PKK’nın, Midyat İlçe Emniyet Müdürlüğü önünde bombalı araç patlatarak katlettiği altı insandan biri olan, polis memuru Nefize Özsoy’un cenaze töreninde, almak isteyen için ibretlik bir görüntü var. Cami çıkışında CHP’lilerin çıkardığı arbede görüntülerinden söz etmiyorum. Onlar ayrı rezillik.
Cami avlusunda, tabutun başında, şehit polisin eşiyle Kılıçdaroğlu tam yan yana denk geliyorlar. Merhum polisin, kendisi de polis memuru olan eşi rahatsız. Sağ yanında Kılıçdaroğlu, sol yanında emniyet müdürü var. Müdürün (CHP genel müdürünün değil, emniyet müdürünün) kulağına eğilip bir şeyler söylüyor. Müdür de koluna girerek “Allah aşkına, tatsızlık çıkmasın” gibisinden, onu yatıştırmaya çalışıyor. Bir gün önce, bir başka cenazede, Kılıçdaroğlu’nun önüne boş mermi kovanı atılmış, CHP’nin yolladığı çelenkler parçalanmış, daha önce bir başkasında da yumurta fırlatılmış olduğu için tedirginlik duyuyor olması normal.

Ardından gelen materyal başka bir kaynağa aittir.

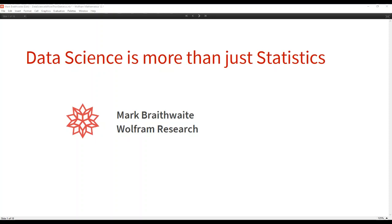We're just about on time for today's session and I can see lots of people are still joining, so we'll kick off in the next couple of minutes. Welcome everyone to today's reactor session, which is on 'Data Science is More Than Just Statistics.' Today we are joined by Mark Braithwaite, who is a primary instructor of Wolfram technologies and frequently teaches classes on mathematics and programming in the Wolfram language.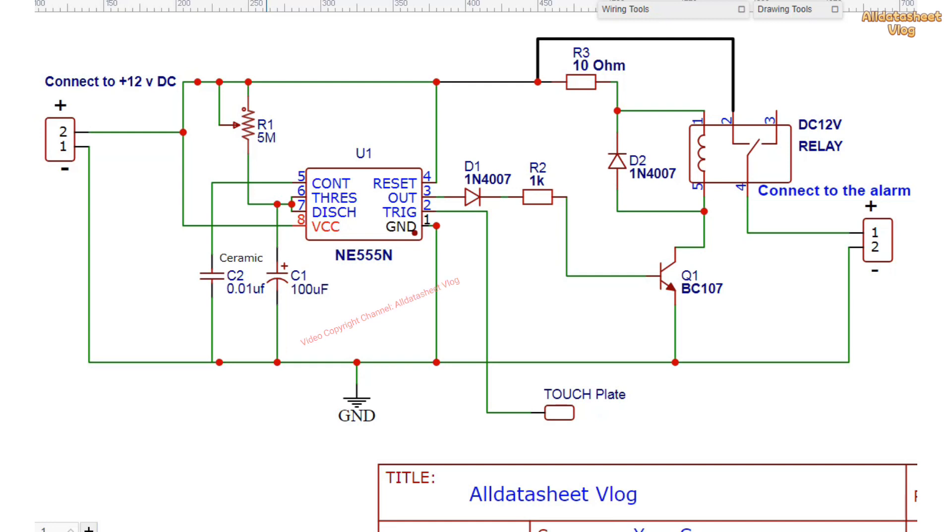Transistors are used to control relays. Relay contacts are used to control loads such as bells, motors, and lights.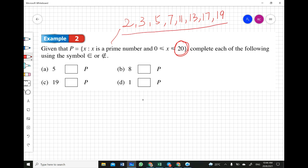Now we complete each of the following using the symbol 'is an element of' or 'is not an element of.' Is 5 an element of Set P? Yes, 5 is in the list, so it is an element of Set P. Is 8 an element of Set P? No, it's not in the list, so it is not an element of Set P. Is 19 an element of Set P? Yes. Is 1 an element of Set P? No, 1 is not an element of Set P.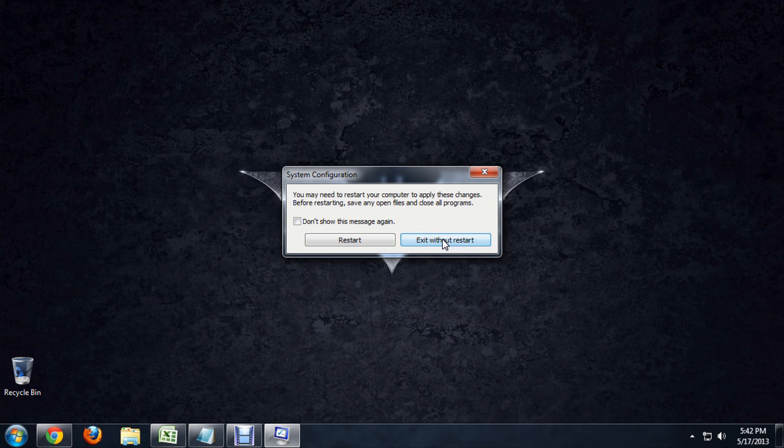I'm going to exit without restart right now, but the next time that I restart my computer, Microsoft OneNote will not start with it.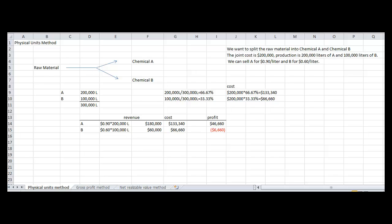First, we want to split the raw material into chemical A and chemical B. We want to allocate the joint cost to the two different chemicals. When using the physical units method, you need to make sure that the chemicals are measured in the same units. The joint cost is $200,000. The production is 200 liters of A and 100 liters of B, and we can sell A for $0.90 a liter and B for $0.60 a liter.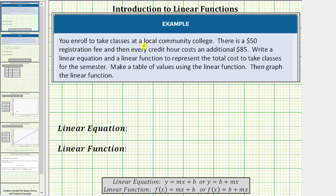You enroll to take classes at a local community college. There is a fifty dollar registration fee, and then every credit hour costs an additional eighty-five dollars. Write a linear equation and a linear function to represent the total cost to take classes for the semester. Make a table of values using the linear function, then graph the linear function.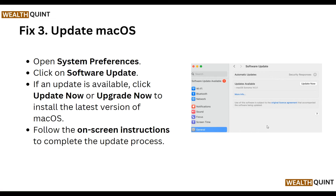Our third step is to update macOS. Open System Preferences and click on Software Update. If an update is available, click Update Now, and follow the on-screen instructions to complete the update process.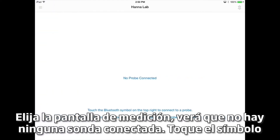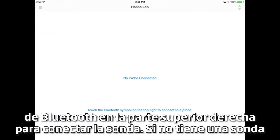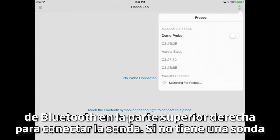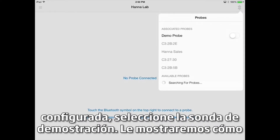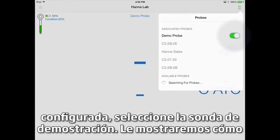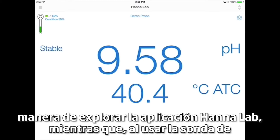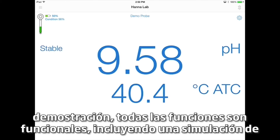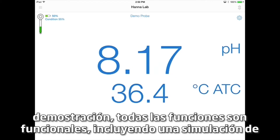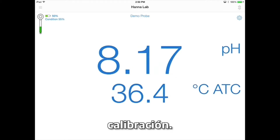You'll see there is no probe connected. Touch the Bluetooth symbol on the top right to connect the probe. If you don't have a probe set up, select the demo probe. The demo probe is a great way to explore the HANA Lab App — while using it, all features are functional, including a calibration simulation.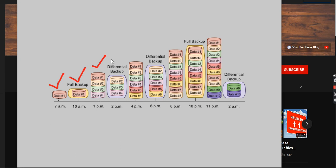Now we are going to take the differential backup at 2 pm. When we take the differential backup at 2 pm, what data is captured? Data 2, data 3, and data 4 — because data 1 is not captured since it was already captured in the full backup. So differential backup only captures the data that was not captured in the previous full backup.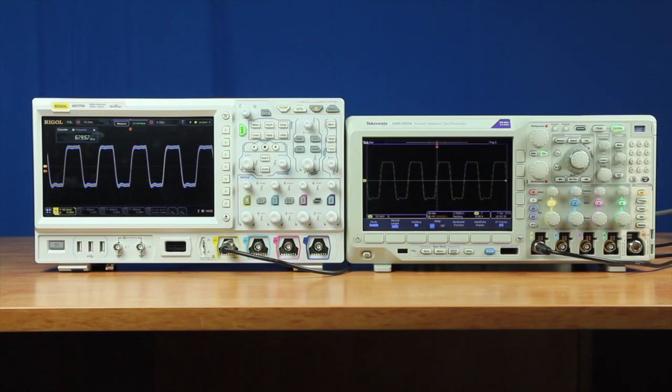Let's compare differences in the waveform capture rate between the Regal 7000 series and Tektronix MDO 3000 series 500 MHz oscilloscopes.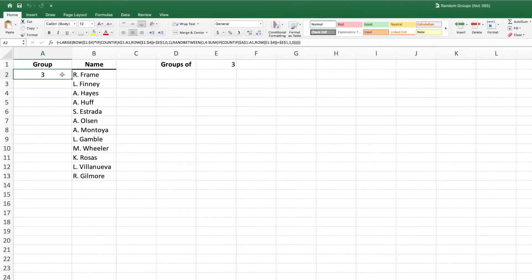Lastly, we need a way to randomly generate the second parameter of the LARGE function. This parameter determines which nth largest value to return from the array provided in the first parameter. For example, if the second parameter was a 1, LARGE would return the largest value. If the parameter equaled 2, LARGE would return the second largest value in the array, and so on.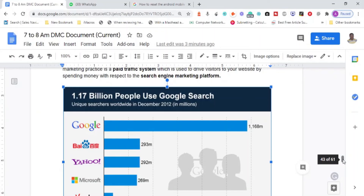It is a brilliant idea to learn to advertise on Google, especially for the Indian market. Different countries have different dominant search engines — China has Baidu, Russia has Yandex as its primary search engine. If you have a business in Russia, you should learn to run advertisements on Yandex. In the US, Bing and Yahoo are still being used, and Microsoft owns those products.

Merhumun eşi yine de dayanamıyor ve emniyet müdürü ile yer değiştiriyor. PKK bombasıyla ölmüş, bir metre ötesinde yatan eşinin tabutu önünde Kılıçdaroğlu’yla yan yana durmayı kendisine yediremiyor. Devletin kurucu partisi olmanın ekmeğini 80 sene yemiş bir parti için daha utanç verici bir tablo az bulunur herhalde.
Ancak CHP yönetimi, bu tablodan ibret alıp terör konusundaki siyasetini gözden geçireceğine, faturayı hükümete ve kendilerine tepki gösteren vatandaşa çıkarmayı seçiyor. Boş mermi kovanı atmak gibi mafyatik çağrışımlı veya yumurta fırlatmak gibi, şahsen ilkel bulduğum protestoları haklı göstermeye çalışacak halim yok. Fakat bu protestoların, tıpkı kendilerinin sorduğu gibi “Neden hükümete değil de CHP’lilere?” yöneldiğini asıl sorgulaması gerekenler CHP’liler değil mi?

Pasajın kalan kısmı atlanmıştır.